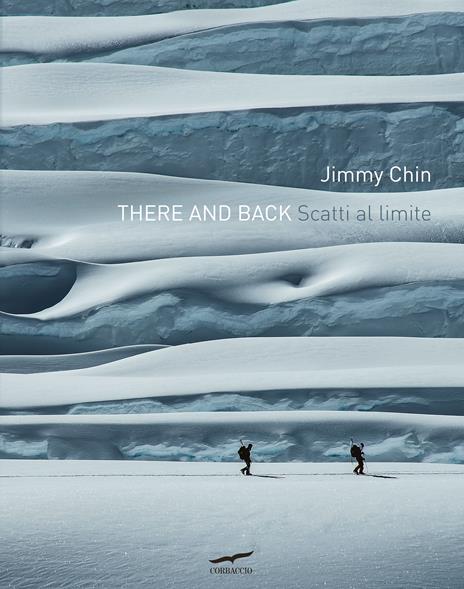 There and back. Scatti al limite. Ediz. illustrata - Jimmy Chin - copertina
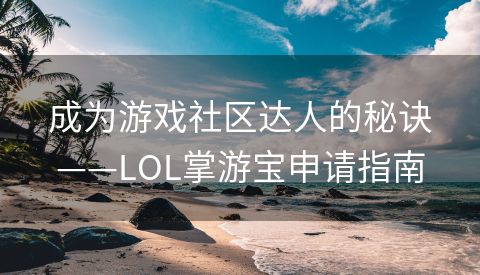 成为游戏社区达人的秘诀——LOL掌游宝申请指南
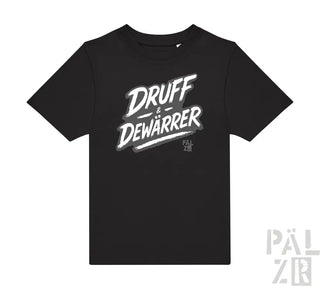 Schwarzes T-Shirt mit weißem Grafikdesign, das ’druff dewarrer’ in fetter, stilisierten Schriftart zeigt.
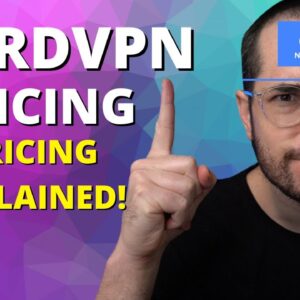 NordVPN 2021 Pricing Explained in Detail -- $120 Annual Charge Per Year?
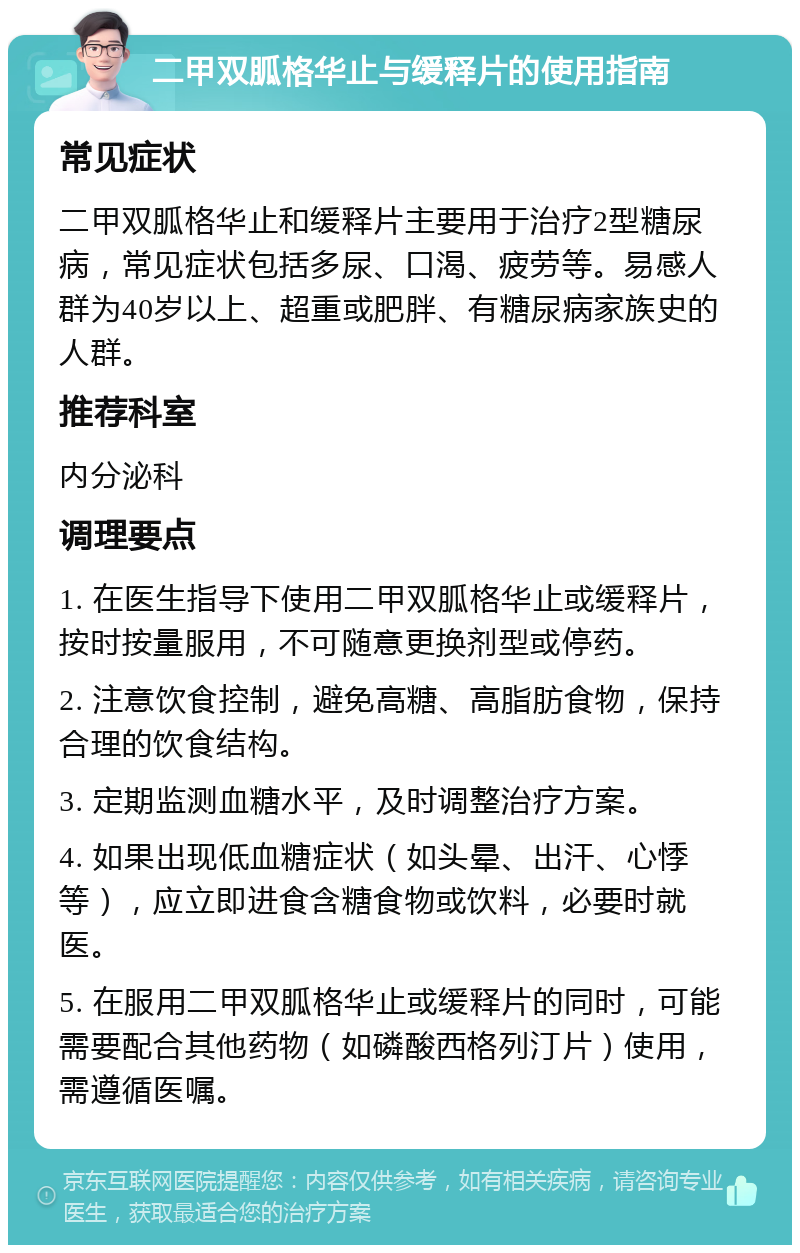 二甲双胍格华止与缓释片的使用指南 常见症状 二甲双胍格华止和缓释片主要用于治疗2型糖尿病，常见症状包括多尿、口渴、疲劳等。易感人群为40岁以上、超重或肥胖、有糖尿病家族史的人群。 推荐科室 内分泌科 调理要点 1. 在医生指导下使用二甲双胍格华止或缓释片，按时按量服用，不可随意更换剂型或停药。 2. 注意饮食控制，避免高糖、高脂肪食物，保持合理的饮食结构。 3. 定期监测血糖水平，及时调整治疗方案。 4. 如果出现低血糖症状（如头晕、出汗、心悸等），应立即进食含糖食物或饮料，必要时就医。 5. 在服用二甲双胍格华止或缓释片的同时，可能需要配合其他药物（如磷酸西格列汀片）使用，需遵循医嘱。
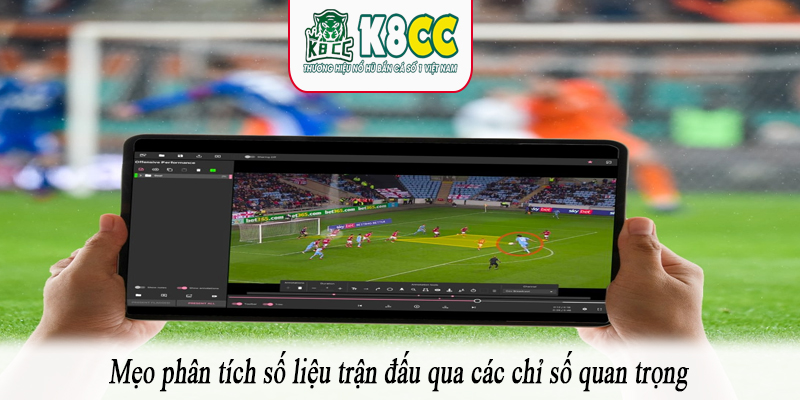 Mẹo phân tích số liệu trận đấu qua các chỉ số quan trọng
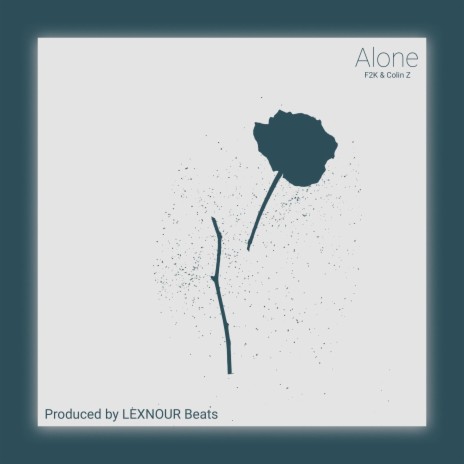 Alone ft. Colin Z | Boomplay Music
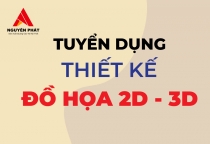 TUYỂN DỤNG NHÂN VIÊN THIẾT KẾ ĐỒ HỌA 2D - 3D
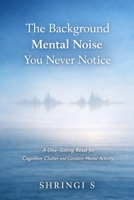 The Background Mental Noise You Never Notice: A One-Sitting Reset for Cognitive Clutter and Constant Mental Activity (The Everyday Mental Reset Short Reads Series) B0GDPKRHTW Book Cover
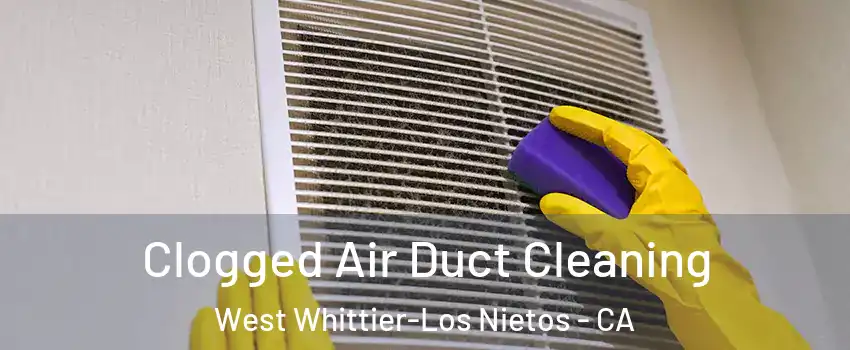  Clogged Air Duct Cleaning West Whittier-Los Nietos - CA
==
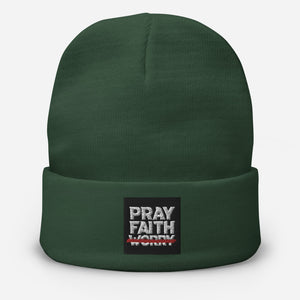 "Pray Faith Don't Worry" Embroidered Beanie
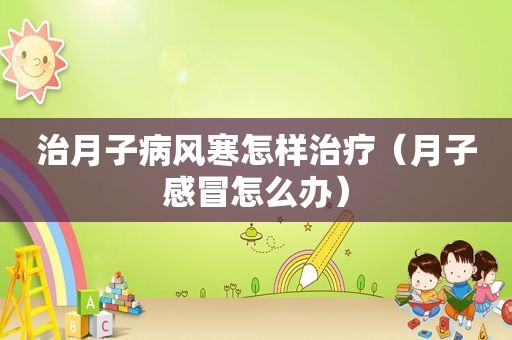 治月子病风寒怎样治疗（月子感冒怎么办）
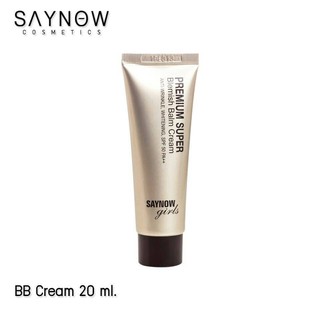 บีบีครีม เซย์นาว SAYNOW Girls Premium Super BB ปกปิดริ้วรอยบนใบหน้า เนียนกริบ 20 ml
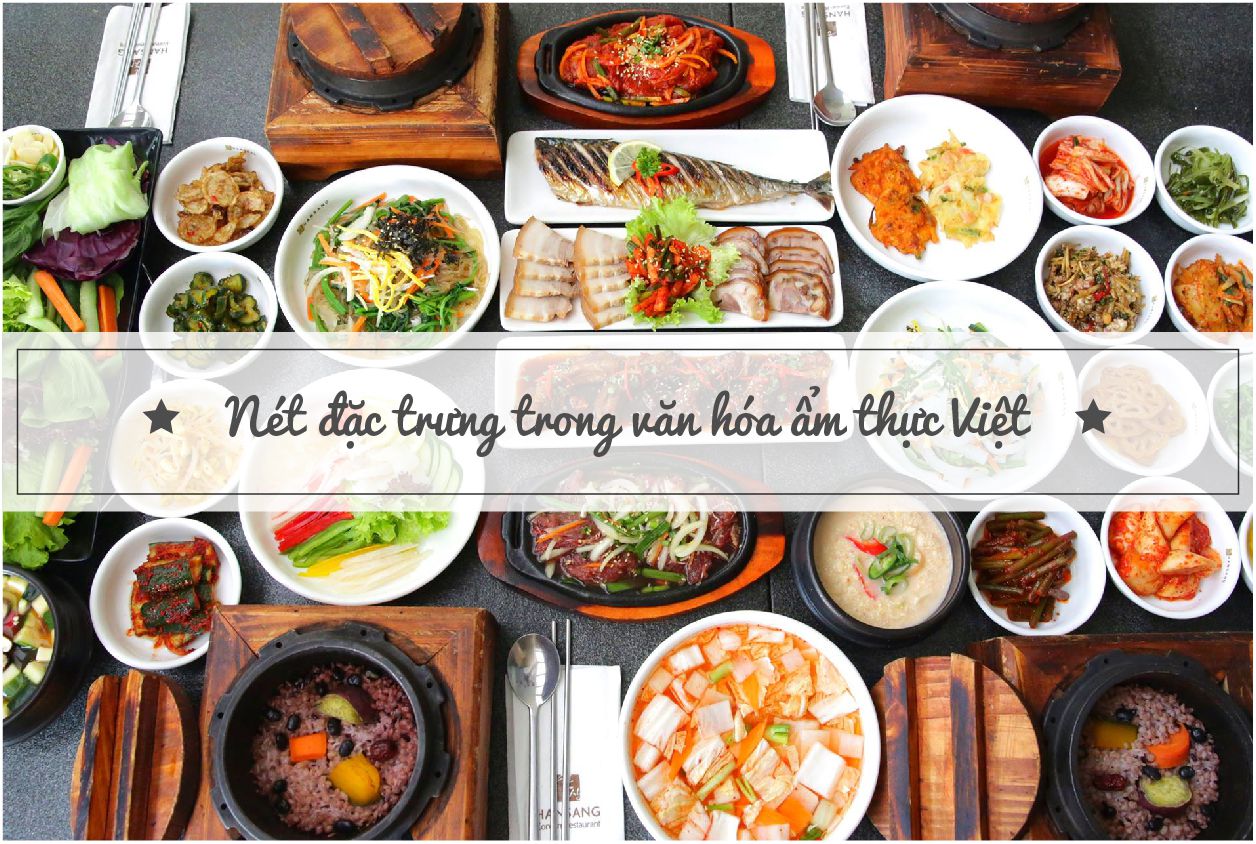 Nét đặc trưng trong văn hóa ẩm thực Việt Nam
...
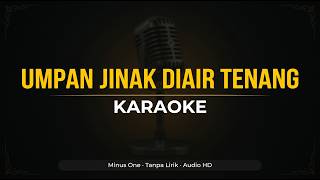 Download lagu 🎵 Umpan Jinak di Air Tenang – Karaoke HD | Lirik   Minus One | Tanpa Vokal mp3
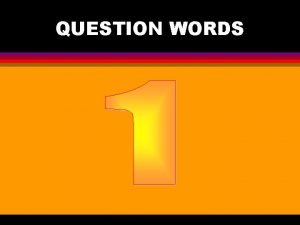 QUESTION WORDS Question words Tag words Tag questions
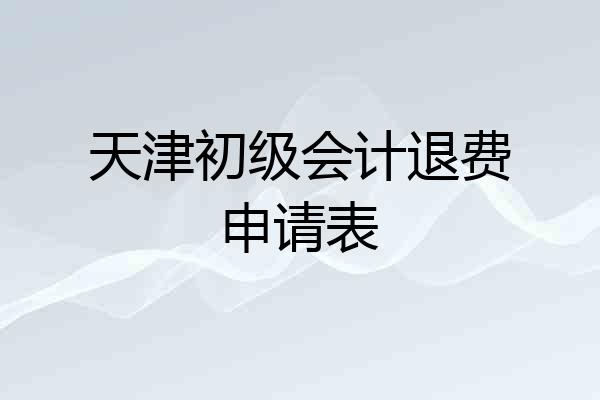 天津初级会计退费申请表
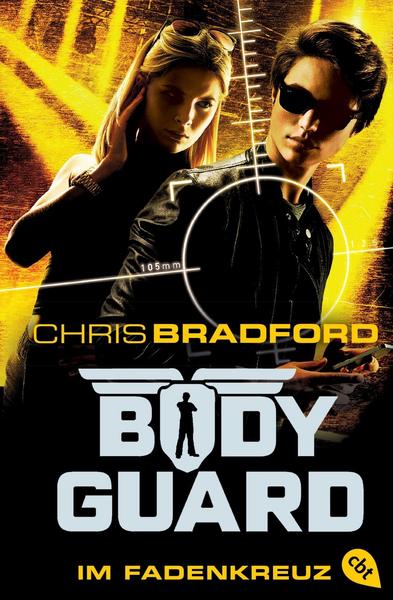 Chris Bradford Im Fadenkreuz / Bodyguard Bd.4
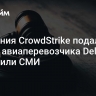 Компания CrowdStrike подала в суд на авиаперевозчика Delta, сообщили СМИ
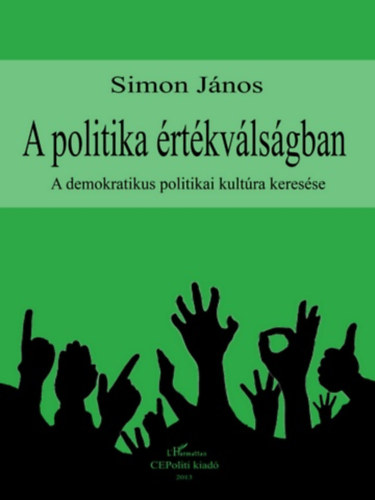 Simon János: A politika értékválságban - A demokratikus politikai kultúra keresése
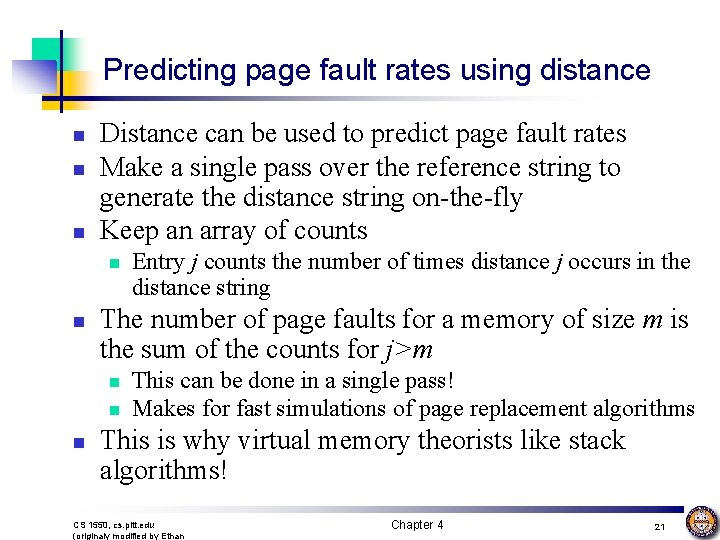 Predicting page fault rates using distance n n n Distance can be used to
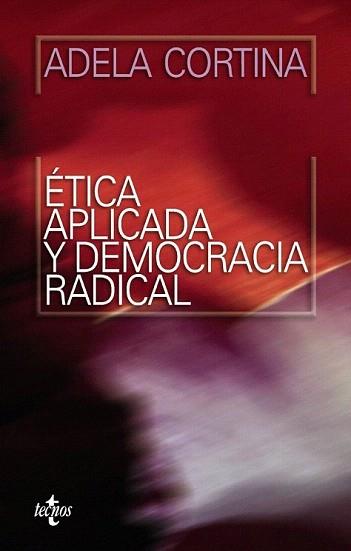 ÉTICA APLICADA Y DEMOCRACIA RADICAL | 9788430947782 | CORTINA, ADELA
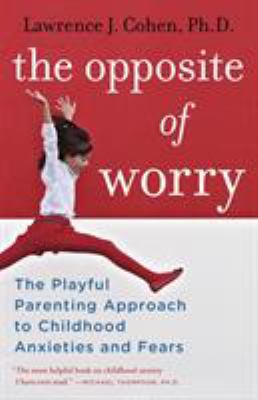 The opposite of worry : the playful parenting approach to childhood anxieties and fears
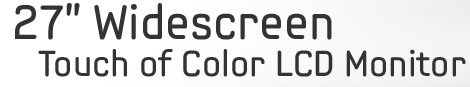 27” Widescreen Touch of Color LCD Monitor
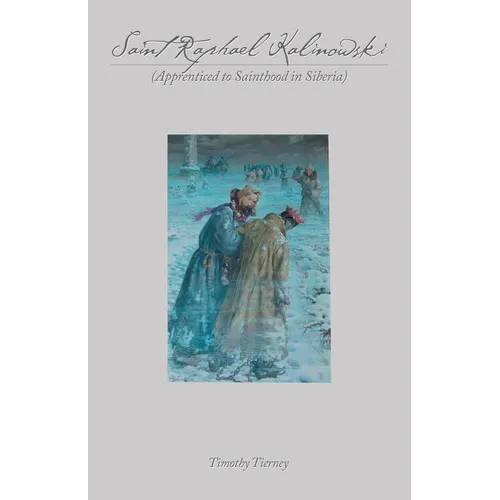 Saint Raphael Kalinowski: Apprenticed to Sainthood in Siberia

> [AIM OF THE EXERCISE]: The reply should hold the entries above from the line with "Mẹo phân tích" to the line with "Clogged Air Duct", duplicated exactly, pictures excluded.

> [EXERCISE RESULT]:
 Mẹo phân tích số liệu trận đấu qua các chỉ số quan trọng
 Alone ft. Colin Z | Boomplay Music
 TUYỂN DỤNG NHÂN VIÊN THIẾT KẾ ĐỒ HỌA 2D - 3D
 The Background Mental Noise You Never Notice: A One-Sitting Reset for Cognitive Clutter and Constant Mental Activity (The Everyday Mental Reset Short Reads Series) B0GDPKRHTW Book Cover
  Clogged Air Duct Cleaning West Whittier-Los Nietos - CA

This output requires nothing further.